### Sammmmmmm's blog

By Sammmmmmm, history, 11 days ago,

Given an array of n integers. In 1 operation you can swap 2 adjacent elements a[i] and a[i + 1] if and only if a[i] + a[i + 1] <=

k. Count the number of possible arrays that can be created using a series of operations (possibly none). Two arrays a and b are

considered different if there exists an index i so that a[i] != b[i]

N <= 1e5

K <= 1e9

Ai <= 1e9

Thanks!

• +1

 » 11 days ago, # | ← Rev. 2 →   +13 correct me if i'm wronglet mn be the min element if A[i] + mn > k then pos i is fixed lets make new array B which contains all A[i] such that A[i] + mn <= k ans will be all possible permutations of B edit : above soln is for the case when we can swap any 2 positions for the case of swaping only adjacent positions break the array into subarrays such that for each subarray max - min <= k ans will be product of no. permutation of all subarrays. 
•  » » 11 days ago, # ^ |   0 No it is wrong Consider this array K=10, arr = [3,100,2] your algorithm will give 2 permutations, but actual answer is 1
•  » » » 11 days ago, # ^ |   0 you are correct. i misread the problem please verify the edit part. Thanks!
•  » » 11 days ago, # ^ | ← Rev. 2 →   0 [1, 10, 2, 10, 3, 10], k: 5the answer here is one since you can't swap any two adjacent element, but the B array will be: 1,2,3, which the number of permutations are 6
•  » » » 11 days ago, # ^ |   0 yes, you are correct i misread the problem i have corrected it can you please verify it again
•  » » » » 11 days ago, # ^ |   0 Bro, I typed all that s**t as a solution, and u explained it in 2 sentences, yes it's indeed correct.
•  » » » » » 11 days ago, # ^ |   0 thanks bro for verifying it.
 » 11 days ago, # |   0 why downvotes this is a good question
 » 11 days ago, # | ← Rev. 5 →   +1 I have this solution:(the indexing for the array is one based):If too long to read: https://codeforces.com/blog/entry/129493?#comment-1149165 simplifies itEDIT: Now that I think about it, there exist a more clever and cleaner way to implement this approach, but I wrote the first thing that came to mind, so if you wanna read it:Although the part for calculation the permutations is indeed required, even if u use the other clever implementation. So yes that might be helpful Detailed solution, also talked about details way of implementationmaintain a variable ans initially set to 1, and a vector tmp. (having it always sorted like a multiset won't bother).
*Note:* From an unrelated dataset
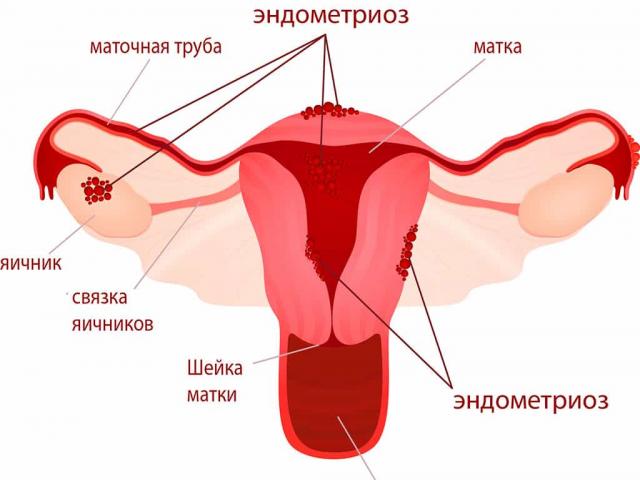Pse barku i poshtëm tërheq dhe dhemb pas menstruacioneve: arsyet kryesore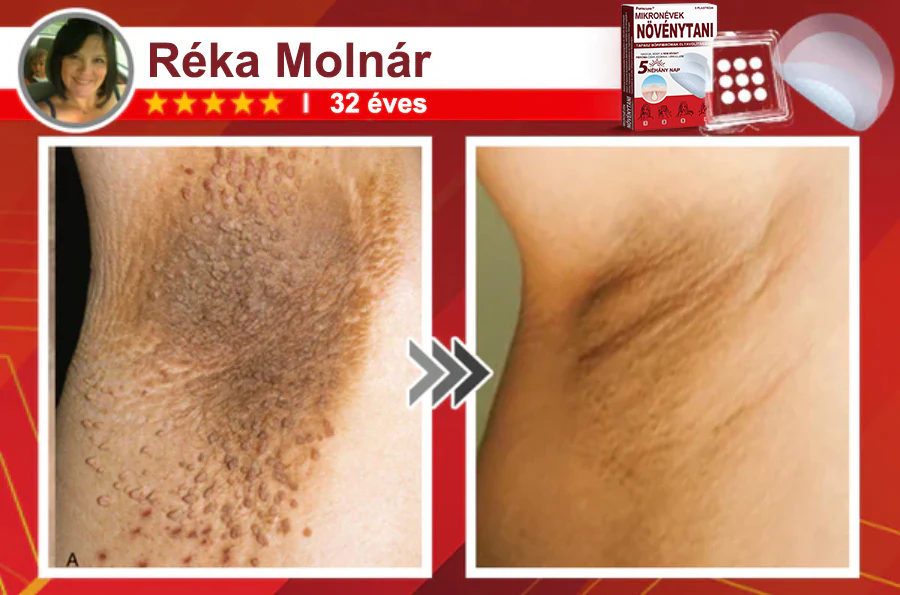 ✨PuraCure® Mikro-tűs botanikai bőrnövedék-eltávolító ✅✅Készült Magyarországon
You start from index 2, if you could swap the element with index 1, you'll insert $a_1$ and $a_2$ into the tmp, otherwise leave it empty, now going to next index, there are 2 possible scenarios:1. tmp is empty: you just check if you can swap $a_i$ with $a_{i-1}$, if u can, insert both into tmp, otherwise advance to the next index.2. tmp is not empty, there are again 2 scenarios:2.1: there exist an element less or equal to $a_i - k$, in that case, you insert $a_i$ into the multiset and advance to the next index.2.2: there doesn't exist ...: multiply the ans variable by the number of permutations the multiset can have, empty the multiset and advance.after the n'th element, just multiply the answer by the number of permutations the multiset has, and then output it.For calculating the permutations, it's generally like this: $x! / (cnt_1! * cnt_2! * \cdots)$, where the $cnt_k$ is the number of occurrences of the k'th element(since 1,2,1 and 1,2,1 are the same, the number of permutations of this example is: $3!/(2!*1!)$ which is 3. To calculate that, have a variable: dominator, every time you insert a new element to the multiset, the dominator will get multiplied by the current count of that element in the multiset, which can be accessed using a map.and for the numerator, use a standard factorial calculation. The overall time complexity would be a O(n*log(n)) but it has a lot of constant factors, for map, multiset, and multiplying big integers module a mod.of course, the answer of the problem should be calculated modulo a prime otherwise it's not practical for cp.
•  » » 11 days ago, # ^ |   0 You don't need to have a multiset, have 3 variables: mn, mx, and length, while advancing the new vertex, if the new_mn - new_mx <= k, the length gets incremented.otherwise, the answer gets multiplied by (length! / (all those cnt factorials)). which may help the complexity to lose some constant factor
•  » » » 11 days ago, # ^ |   0 Also, keeping the dominator and numerator in 2 different variables all the time and calculating the mod division only once is a good performance boost
 » 11 days ago, # |   -8 Bro this comment section turned into a place for specialists(everyone who commented was spec)
•  » » 11 days ago, # ^ |   0 oops